When I first started out on my low-waste journey, I was confronted with the idea of buying in bulk. I didn’t really understand what that meant or how to go about it at the time. Buying in bulk can feel quite confusing at first. What does buying in bulk really mean? Do you have to bring your own containers into a chain grocery store? Is it true that buying in bulk quantities is actually MORE expensive? Is it really that beneficial for the environment? 

We here at Coast to Coast hope to answer these questions for you and help you out on your way to being a bulk buying aficionado.

1. What is Bulk Buying?

Buying in bulk often means buying in larger quantities for a lower price than the overall cost would be per item. For example, buying a larger quantity of paper towels for much cheaper than what you would have paid to purchase each roll individually.



But for environmental purposes, bulk buying can take on a slightly different meaning. It has often been coupled with the idea of zero-waste or low-waste shopping. Wherein you fill up glass jars (or your choice of refillable container) with the foods stored in the bulk bin section of a grocery store as opposed to buying each food item in its pre-packaged form. There are two motivations in doing this:

  1. It cuts down on the plastic and packaging waste being used by consumers.
  2. It can often times be a much cheaper alternative to buying pre-packaged foods.

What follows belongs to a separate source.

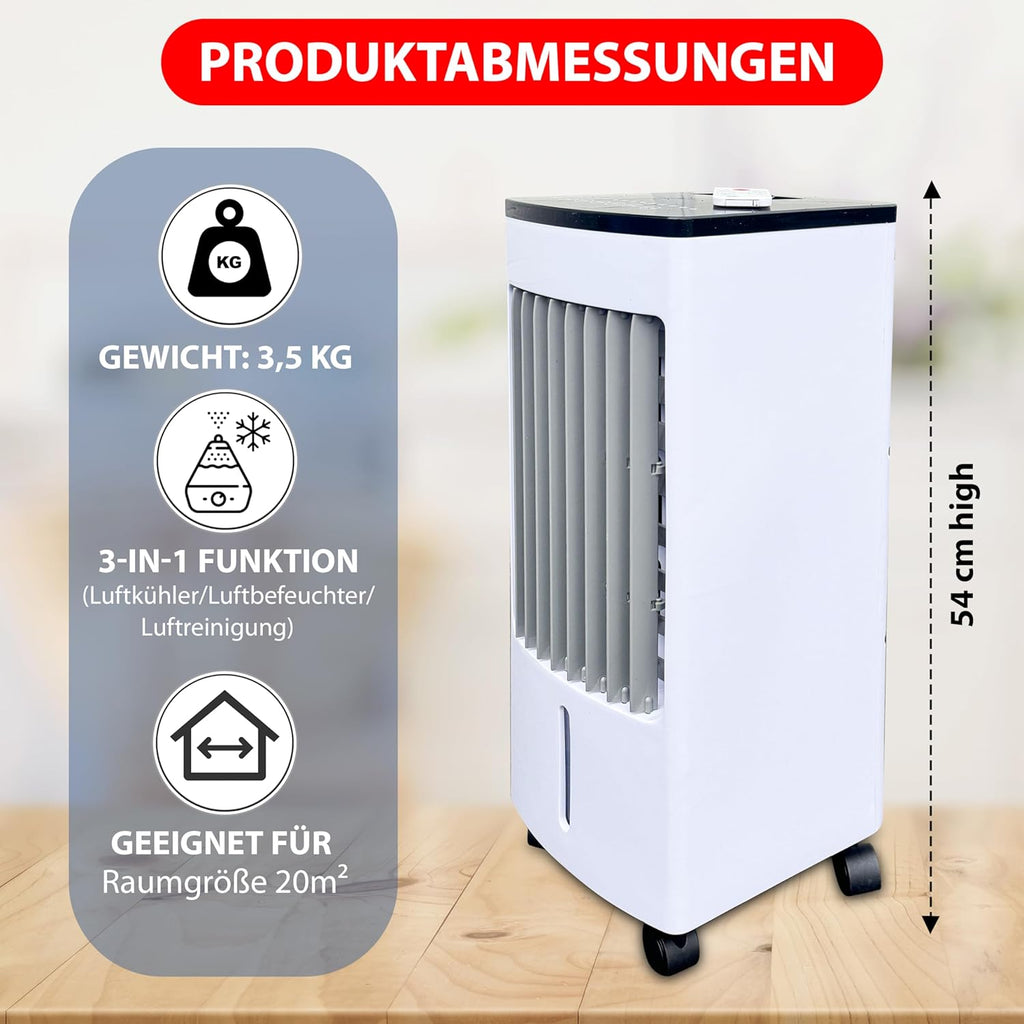 JUNG LIFEAIR Condizionatore Portatile Senza Tubo di Scarico, con Telecomando, Timer 15,5 ore, 60 dBA, 2in1 - Raffrescatore, Ionizzatore, Ventilatore Portatile con Raffreddamento ad Acqua, Climatizzatore Portatile Silenzioso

2. What do I need to start bulk buying at my local grocery store?

If you’re hoping to start the process of switching to bulk foods there are a few ways to get into the process. Most grocery stores will provide plastic bags for you in the bulk section. These can be great for trying out new foods are getting used to the concept of buying in bulk (try to reuse the same plastic bags to cut down on waste).

Don't be afraid to ask the employees at your local store what the policy is for bringing in your own containers or glass jars for the bulk bins. When I first started buying from the bulk section I wanted to see if there were other ways I could cut down on waste, so I went to the bakery and asked if I could bring in a fabric bag I had sewn myself for bread instead of the plastic bags they came in. The staff was really accommodating, and were more than happy to work with me (some even asked for their own bread bags). The deli was the next target, I asked if it was alright for me to bring in a plastic container to have my deli items put in instead of a plastic bag, and the staff there were also happy to do that for me.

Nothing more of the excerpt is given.